Une fois de plus, nous pourrions admirer le flottant, le vague délicieux de ces légendes celtiques, qui tantôt confèrent à Merlin l'immortalité amoureuse au giron de sa mie, et tantôt l'enfouissent comme un loup, au coin d'un champ, sous deux pierres brutes, débris d'un cromlec'h jeté bas pour empierrer le chemin.
Mais si le fossoyeur n'est que M. Poignand, archéologue diplômé par lui-même, auteur des "Antiquités historiques et monumentales", ... et principalement imaginaires ?
L'archéologie et l'anthropologie locales sont coutumières, on le sait, d'une grande sérénité dans l'affirmation.

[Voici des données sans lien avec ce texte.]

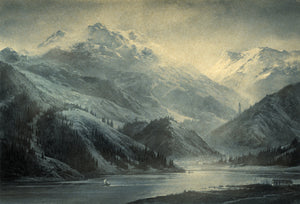 Vintage Engraved Mountains Mural Wallpaper M9450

Ledit Poignand ne s'en est pas tenu là : à une portée de fusil du tombeau de Merlin l'"archidruide", il a retrouvé le tombeau de "son épouse" Viviane ! ...
La fée Morgane, ou Morgan, ou Morgain, demi-soeur du preux roi Arthur, et merveille de beauté selon les uns, prodige de laideur selon d'autres, a aimé, a été trompée, en a gardé une rancune inexpiable au sexe qu'on dit fort. Et voici la vengeance de cette diabolique féministe: tous les amants qui ont été, ne fût-ce qu'en pensée, infidèles à leur amante, seront amenés en certain vallon d'où ils ne pourront plus s'échapper.Val des Faux Amants, Val périlleux, Val sans Retour, c'est sous trois noms un même purgatoire, qui risque bien d'être une autre vallée de Josaphat, aussi peuplée que doit l'être un jour la véritable.
Cependant, du fond de sa forêt, Merlin ma bien souvent fait des signes. Viviane y joignait ses sourires. Pourquoi n'y avoir pas mieux répondu? Ce n'est pas assurément que je craignisse leur magie. Ne craignais-je pas plutôt qu'elle fût inopérante? Si par malheur l'eau de leur fontaine avait oublié de bouillir et de rire? Si l'orage ne se déchaînait plus après l'aspersion du perron enchanté? Si Viviane et Morgane n'étaient réellement que des vieilles fées? S'il allait m'arriver ce qui était arrivé jadis à maître Wace, le plus réaliste des trouvères, qui, ne voulant pas se borner à ouïr, commit la faute de venir voir?